Mein Hirn scheitert daran, diesen Zusammenhang im konkreten Fall herzustellen. Sie nimmt derweil das dritte Töpfchen, andere Creme, ansonsten dieselben Abläufe. 

Kundin: Och, wegen der Viren vertraue ich jetzt mal der Sauberkraft meiner Spülmaschine.

Sie nimmt das vierte Töpfchen, gleiche Creme, dieselben Abläufe ein viertes Mal. 

Fachkraft: Jedenfalls, Ihre Töpfchen sparen keinen Müll! Das meinen Sie nur.

Vier Kunststoff-Einwegtücher und ca. 60 gr weggeworfene Ware später haben wir es geschafft.

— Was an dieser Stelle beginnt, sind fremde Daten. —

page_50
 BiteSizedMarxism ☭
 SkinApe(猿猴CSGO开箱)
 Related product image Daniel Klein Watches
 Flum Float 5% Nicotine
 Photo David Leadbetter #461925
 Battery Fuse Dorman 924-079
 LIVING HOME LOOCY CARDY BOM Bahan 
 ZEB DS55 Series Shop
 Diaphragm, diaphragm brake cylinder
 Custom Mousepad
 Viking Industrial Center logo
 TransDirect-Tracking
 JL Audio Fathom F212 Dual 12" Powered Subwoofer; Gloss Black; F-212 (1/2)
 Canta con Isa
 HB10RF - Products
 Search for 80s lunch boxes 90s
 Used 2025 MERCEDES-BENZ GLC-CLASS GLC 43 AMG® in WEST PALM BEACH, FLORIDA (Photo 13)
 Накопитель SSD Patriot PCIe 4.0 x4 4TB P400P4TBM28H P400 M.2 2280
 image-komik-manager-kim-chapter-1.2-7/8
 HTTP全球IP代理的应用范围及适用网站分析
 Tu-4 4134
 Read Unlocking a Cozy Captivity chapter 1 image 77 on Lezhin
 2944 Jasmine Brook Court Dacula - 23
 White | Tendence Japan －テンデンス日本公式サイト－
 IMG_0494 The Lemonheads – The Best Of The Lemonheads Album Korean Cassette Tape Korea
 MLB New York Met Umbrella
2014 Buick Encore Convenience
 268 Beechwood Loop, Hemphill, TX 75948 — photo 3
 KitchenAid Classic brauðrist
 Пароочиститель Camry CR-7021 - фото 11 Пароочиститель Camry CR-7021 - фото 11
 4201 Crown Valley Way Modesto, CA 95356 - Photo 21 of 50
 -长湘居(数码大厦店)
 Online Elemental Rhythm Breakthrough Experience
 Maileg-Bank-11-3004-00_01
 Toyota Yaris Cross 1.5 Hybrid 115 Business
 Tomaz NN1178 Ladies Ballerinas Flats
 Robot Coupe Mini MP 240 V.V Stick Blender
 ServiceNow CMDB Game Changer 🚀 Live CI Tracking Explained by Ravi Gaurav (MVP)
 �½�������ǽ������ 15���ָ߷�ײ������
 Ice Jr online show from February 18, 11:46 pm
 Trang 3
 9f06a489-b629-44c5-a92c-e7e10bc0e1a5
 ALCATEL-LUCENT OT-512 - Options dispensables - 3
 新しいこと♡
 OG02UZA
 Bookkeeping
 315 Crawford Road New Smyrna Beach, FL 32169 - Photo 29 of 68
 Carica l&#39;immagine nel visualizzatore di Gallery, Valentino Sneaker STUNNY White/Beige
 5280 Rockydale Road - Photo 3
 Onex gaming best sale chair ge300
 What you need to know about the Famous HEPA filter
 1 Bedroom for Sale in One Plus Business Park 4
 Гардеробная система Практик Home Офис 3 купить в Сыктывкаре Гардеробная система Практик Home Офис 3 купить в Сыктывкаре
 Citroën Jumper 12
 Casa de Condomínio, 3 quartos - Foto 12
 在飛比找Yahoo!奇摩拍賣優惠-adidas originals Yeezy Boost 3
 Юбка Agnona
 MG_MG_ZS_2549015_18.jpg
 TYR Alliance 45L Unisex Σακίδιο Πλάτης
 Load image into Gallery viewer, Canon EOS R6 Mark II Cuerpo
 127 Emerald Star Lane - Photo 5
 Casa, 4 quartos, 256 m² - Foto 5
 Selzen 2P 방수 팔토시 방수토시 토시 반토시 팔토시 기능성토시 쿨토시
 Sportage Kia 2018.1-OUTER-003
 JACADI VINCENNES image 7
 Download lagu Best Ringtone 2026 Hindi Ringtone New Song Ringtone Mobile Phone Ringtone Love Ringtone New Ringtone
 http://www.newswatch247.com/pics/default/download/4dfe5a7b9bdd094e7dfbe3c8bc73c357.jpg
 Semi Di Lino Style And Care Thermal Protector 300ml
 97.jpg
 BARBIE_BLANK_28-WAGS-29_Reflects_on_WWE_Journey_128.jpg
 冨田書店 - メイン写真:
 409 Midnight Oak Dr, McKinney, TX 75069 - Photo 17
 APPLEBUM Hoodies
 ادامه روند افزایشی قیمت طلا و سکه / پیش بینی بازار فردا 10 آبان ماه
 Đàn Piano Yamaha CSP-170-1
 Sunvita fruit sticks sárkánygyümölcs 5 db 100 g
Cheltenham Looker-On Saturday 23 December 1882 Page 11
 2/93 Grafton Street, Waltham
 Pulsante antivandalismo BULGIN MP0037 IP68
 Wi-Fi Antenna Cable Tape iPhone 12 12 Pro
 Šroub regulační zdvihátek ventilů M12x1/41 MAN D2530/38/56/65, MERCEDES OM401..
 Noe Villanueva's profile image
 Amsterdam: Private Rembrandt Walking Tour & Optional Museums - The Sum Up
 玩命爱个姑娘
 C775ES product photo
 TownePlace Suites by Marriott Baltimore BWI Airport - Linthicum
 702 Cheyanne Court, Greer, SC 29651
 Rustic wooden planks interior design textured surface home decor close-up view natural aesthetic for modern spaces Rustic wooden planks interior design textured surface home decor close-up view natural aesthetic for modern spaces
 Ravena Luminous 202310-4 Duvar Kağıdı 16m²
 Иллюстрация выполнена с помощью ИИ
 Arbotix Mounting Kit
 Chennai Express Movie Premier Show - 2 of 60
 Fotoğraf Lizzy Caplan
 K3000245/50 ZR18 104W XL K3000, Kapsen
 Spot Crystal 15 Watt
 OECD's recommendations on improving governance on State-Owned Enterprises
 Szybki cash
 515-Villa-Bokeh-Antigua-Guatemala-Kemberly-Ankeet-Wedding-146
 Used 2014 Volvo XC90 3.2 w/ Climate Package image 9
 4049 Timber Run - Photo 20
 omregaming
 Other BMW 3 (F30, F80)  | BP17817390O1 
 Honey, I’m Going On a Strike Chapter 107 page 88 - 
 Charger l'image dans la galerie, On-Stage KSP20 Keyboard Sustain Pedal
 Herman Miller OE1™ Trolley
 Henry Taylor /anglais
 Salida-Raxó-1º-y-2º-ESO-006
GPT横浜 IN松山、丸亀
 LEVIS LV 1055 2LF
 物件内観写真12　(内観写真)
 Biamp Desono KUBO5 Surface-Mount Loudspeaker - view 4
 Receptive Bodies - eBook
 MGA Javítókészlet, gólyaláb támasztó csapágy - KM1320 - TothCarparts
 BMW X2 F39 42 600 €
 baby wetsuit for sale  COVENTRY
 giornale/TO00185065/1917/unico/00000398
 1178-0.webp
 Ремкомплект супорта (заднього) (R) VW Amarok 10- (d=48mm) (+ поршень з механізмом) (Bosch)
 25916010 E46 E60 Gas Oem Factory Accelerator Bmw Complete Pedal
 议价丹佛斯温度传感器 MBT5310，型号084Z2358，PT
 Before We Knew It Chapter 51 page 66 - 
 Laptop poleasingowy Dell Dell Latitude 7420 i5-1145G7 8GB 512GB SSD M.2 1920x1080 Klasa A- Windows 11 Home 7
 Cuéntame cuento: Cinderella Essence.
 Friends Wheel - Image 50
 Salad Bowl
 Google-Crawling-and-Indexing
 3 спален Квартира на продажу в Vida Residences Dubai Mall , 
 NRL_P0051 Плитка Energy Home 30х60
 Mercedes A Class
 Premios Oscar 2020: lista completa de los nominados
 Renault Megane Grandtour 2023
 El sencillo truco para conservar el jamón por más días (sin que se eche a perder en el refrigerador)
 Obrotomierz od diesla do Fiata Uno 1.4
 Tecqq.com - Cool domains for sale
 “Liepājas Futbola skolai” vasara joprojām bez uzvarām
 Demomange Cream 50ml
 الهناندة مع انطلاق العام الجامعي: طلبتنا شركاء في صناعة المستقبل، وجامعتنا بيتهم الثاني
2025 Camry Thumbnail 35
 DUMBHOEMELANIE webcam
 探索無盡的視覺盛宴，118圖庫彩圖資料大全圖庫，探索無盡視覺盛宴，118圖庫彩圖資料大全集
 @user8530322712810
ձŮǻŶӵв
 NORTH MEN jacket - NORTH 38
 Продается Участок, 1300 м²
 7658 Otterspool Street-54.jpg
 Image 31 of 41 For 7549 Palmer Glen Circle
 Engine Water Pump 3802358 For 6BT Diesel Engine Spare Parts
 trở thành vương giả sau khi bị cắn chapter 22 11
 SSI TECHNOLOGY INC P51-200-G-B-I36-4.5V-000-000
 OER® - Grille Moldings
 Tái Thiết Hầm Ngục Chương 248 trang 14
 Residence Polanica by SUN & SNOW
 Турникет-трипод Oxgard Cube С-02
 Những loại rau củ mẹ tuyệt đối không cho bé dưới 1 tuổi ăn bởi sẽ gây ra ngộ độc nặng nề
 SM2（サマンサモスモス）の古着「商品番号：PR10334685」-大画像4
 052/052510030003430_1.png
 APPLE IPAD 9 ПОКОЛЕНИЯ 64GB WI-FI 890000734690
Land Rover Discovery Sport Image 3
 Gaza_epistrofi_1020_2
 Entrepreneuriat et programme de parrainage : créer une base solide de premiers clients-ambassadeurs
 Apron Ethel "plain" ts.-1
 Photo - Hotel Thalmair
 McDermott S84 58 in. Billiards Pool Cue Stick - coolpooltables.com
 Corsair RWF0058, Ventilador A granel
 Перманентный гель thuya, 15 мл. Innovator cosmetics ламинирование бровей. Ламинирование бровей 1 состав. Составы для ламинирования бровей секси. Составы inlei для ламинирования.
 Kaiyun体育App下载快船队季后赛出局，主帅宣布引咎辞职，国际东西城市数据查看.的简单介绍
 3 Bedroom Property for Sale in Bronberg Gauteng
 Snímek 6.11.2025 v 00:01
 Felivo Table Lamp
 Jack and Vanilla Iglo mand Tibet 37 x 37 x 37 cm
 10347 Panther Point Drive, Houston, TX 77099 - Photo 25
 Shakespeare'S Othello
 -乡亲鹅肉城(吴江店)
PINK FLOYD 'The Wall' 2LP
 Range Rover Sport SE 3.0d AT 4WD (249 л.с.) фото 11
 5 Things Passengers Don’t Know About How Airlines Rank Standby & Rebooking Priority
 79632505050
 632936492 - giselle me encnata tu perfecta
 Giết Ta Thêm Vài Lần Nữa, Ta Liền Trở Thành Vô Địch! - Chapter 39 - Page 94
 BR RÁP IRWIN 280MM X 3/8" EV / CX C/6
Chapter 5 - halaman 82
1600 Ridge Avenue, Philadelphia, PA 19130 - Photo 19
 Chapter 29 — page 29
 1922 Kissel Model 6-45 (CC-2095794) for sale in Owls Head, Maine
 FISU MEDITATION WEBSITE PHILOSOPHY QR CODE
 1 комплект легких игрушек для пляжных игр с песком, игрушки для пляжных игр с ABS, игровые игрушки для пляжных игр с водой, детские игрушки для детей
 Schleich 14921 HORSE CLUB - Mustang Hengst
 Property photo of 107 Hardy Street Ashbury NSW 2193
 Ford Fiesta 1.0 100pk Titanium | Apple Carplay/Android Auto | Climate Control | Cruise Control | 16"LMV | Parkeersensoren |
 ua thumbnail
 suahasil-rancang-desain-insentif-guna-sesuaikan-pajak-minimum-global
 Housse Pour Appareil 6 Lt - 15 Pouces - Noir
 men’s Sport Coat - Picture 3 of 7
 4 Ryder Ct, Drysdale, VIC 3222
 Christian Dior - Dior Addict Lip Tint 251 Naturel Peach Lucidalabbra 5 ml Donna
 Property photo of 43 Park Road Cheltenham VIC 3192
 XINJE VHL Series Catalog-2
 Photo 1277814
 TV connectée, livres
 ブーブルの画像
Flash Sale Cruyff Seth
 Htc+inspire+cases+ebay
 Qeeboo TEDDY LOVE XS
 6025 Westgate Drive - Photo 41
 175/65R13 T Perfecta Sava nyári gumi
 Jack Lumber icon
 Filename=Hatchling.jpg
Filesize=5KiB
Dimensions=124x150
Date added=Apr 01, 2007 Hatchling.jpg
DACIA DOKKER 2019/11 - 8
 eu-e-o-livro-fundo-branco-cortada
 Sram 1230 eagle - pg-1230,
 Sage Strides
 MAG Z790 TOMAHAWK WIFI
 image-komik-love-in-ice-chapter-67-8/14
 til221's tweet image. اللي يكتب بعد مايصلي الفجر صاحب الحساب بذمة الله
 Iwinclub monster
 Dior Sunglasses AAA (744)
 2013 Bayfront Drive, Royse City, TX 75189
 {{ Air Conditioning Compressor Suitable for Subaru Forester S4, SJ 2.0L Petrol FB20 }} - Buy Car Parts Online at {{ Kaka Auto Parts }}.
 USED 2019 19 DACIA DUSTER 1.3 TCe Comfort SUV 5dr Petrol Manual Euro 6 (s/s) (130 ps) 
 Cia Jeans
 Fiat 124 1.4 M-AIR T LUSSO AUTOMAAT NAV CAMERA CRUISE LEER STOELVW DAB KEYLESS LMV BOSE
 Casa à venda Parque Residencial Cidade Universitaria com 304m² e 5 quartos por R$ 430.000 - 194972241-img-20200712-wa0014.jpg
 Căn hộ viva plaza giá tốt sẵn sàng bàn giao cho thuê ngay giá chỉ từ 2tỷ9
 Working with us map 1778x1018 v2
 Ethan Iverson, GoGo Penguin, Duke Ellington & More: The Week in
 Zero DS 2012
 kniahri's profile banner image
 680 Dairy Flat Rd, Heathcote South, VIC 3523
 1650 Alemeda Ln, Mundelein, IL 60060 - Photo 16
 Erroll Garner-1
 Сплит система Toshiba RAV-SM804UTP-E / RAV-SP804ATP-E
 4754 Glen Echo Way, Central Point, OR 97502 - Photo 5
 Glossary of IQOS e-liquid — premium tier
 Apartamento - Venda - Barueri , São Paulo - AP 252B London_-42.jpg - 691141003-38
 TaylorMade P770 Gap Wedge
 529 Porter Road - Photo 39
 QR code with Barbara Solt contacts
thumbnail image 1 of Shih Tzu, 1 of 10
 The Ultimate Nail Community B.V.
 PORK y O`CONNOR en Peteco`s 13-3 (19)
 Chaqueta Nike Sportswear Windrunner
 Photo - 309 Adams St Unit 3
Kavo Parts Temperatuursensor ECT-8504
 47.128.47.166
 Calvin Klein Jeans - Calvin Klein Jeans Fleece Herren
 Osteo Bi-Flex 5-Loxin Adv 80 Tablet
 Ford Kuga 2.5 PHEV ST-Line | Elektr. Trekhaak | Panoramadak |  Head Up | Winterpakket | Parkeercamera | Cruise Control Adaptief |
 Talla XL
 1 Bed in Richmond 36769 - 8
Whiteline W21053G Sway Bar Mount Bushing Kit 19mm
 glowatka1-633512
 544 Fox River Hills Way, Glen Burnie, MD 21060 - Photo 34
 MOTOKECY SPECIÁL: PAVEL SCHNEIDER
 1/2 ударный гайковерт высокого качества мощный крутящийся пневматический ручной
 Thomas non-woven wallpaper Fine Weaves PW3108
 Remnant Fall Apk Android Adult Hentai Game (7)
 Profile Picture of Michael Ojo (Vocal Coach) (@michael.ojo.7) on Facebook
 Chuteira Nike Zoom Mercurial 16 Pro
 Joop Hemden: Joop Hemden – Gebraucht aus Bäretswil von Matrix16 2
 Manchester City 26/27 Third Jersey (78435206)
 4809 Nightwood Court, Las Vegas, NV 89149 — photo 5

Auf ihre Einweghandschuhe habe ich nicht mehr geachtet.

Kundin: Ich bin trotzdem froh, daß Sie uns Kunden das ermöglichen… Bis bald wieder!

Ich verschmähe die Plastiktüte, in die sie nun meinen Einkauf packen will, und lege die vier bedeckelten Töpfchen in meinen privat-persönlichen, nur mit eigenen Keimen übersäten Einkaufskorb, der an meinem Arm hängt.

Ein weißhaariger Herr an der anderen Seite der Über-Eck-Theke amüsiert sich königlich, er steht schon länger da und hört zu.

Gehe zur Kasse und fühle mich für einen Moment ein bißchen erschöpft.